- [Input]:
== Segment start ==

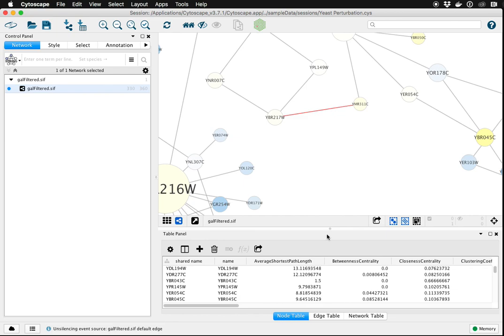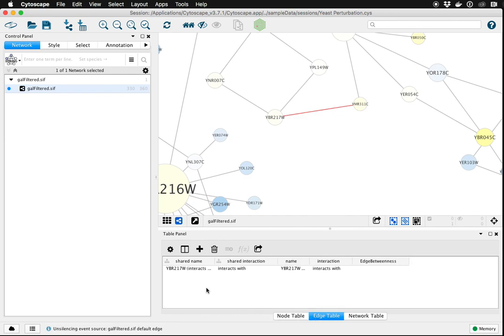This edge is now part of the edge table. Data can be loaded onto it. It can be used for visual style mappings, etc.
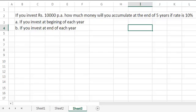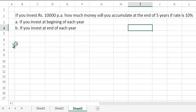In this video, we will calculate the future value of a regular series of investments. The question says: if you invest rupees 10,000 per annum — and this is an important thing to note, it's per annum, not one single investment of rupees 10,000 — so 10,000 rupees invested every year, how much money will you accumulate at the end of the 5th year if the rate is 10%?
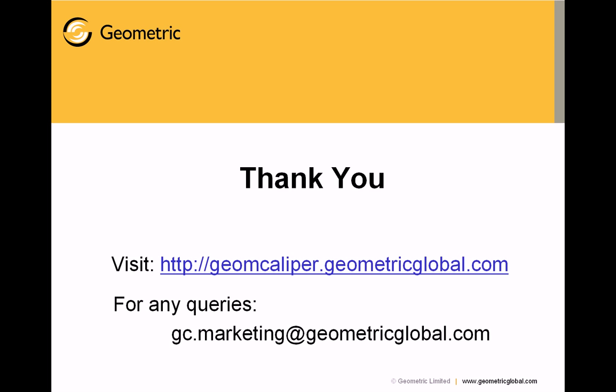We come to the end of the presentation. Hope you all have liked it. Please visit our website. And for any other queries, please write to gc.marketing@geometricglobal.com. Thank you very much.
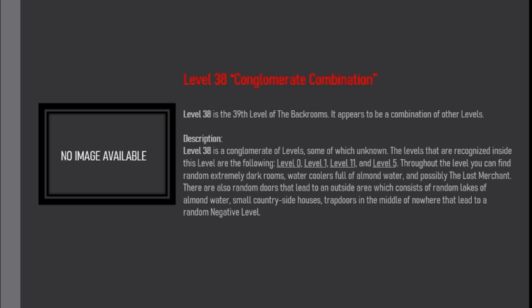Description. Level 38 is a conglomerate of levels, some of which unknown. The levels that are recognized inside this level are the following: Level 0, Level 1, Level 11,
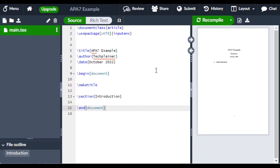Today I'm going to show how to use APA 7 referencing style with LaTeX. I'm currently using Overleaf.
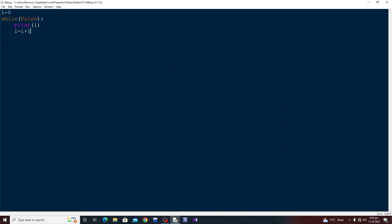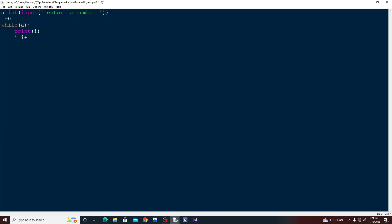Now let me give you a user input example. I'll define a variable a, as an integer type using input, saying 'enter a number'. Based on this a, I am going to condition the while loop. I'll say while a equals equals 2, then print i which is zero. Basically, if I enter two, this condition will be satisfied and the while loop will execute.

== Segment end ==
== Segment start ==

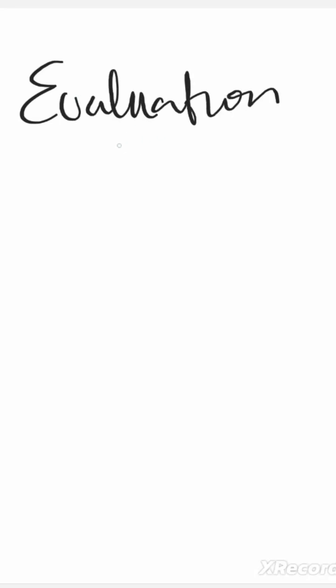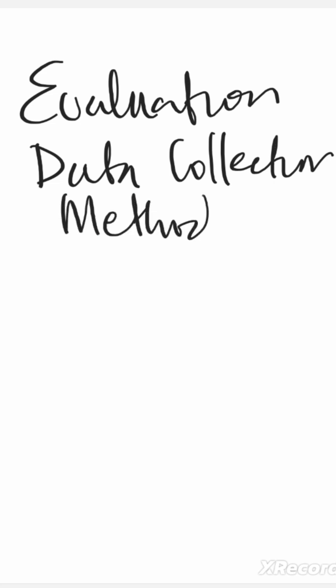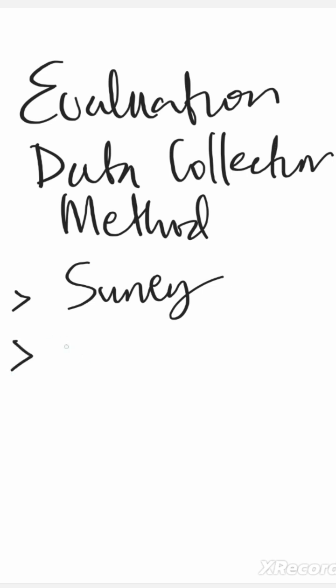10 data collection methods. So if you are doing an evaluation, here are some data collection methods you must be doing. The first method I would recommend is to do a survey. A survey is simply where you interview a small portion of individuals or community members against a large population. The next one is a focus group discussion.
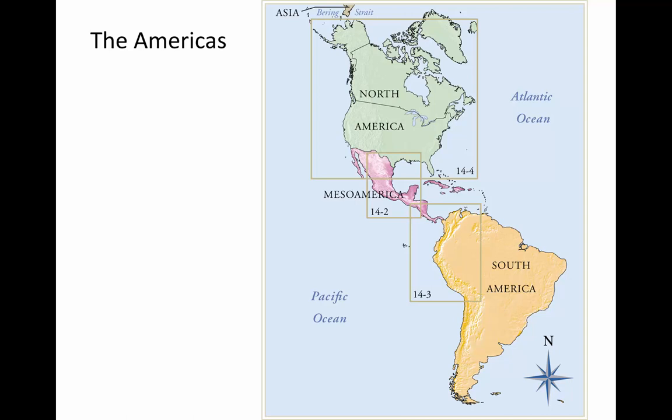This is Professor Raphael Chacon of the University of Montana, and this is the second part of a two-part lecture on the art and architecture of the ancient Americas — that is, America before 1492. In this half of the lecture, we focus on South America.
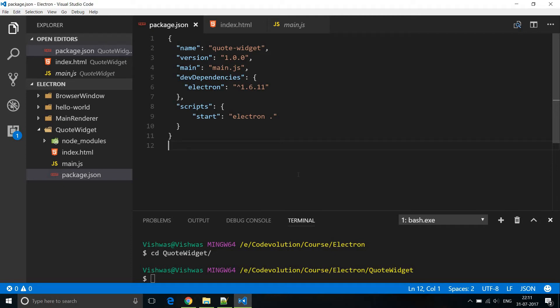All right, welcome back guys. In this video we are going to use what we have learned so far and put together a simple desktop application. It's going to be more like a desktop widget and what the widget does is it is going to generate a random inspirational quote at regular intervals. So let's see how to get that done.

== Segment end ==
== Segment start ==

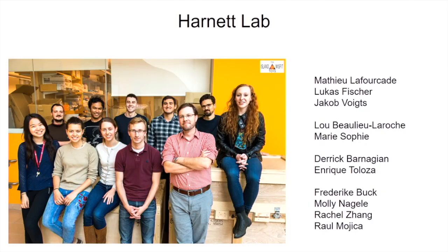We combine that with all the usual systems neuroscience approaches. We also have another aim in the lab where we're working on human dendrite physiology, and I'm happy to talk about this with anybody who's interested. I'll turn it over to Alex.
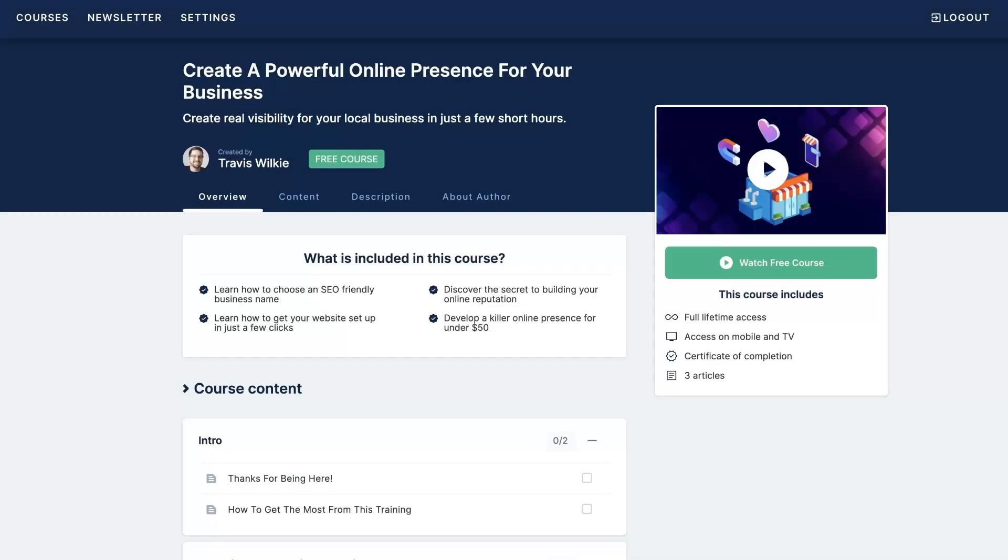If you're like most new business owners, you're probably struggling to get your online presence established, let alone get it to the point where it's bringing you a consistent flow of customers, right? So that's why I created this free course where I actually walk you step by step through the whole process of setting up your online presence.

== Segment end ==

- [Instructions to follow]:
Could you repeat, exactly, only the lines above starting at the one that has "Today I'm going" and stopping after the one that has "Now let me give", without the pictures?

- [The completed task]:
Today I'm going to show how to use APA 7 referencing style with LaTeX. I'm currently using Overleaf.
Now let me give you a user input example. I'll define a variable a, as an integer type using input, saying 'enter a number'. Based on this a, I am going to condition the while loop. I'll say while a equals equals 2, then print i which is zero. Basically, if I enter two, this condition will be satisfied and the while loop will execute.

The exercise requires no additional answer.